- Assignment
Among the records that follow, find the line with "Cotazur Woman Midi" and the line with "DRL LED Chips". Set down those lines and all lines between them exactly, without adding anything.

- Entries provided
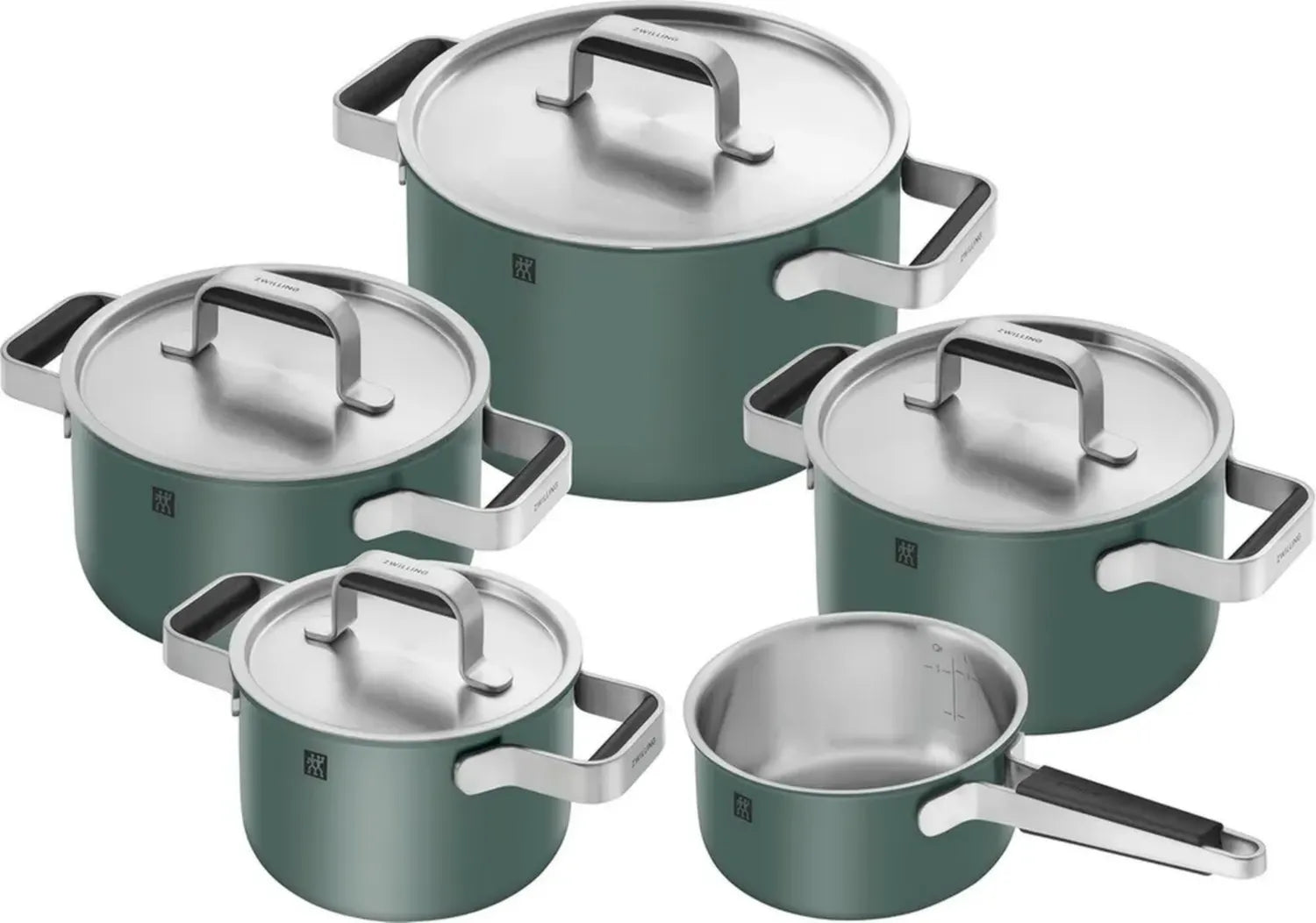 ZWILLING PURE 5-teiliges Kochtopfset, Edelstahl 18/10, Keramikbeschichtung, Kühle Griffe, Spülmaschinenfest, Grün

---

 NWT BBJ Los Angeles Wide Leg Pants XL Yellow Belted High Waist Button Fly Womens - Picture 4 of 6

* * *

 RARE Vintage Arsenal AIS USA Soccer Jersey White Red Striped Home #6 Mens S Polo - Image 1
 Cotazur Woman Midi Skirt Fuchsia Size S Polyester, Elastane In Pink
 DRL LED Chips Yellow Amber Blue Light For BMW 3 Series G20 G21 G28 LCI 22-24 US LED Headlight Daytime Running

- Answer below
 Cotazur Woman Midi Skirt Fuchsia Size S Polyester, Elastane In Pink
 DRL LED Chips Yellow Amber Blue Light For BMW 3 Series G20 G21 G28 LCI 22-24 US LED Headlight Daytime Running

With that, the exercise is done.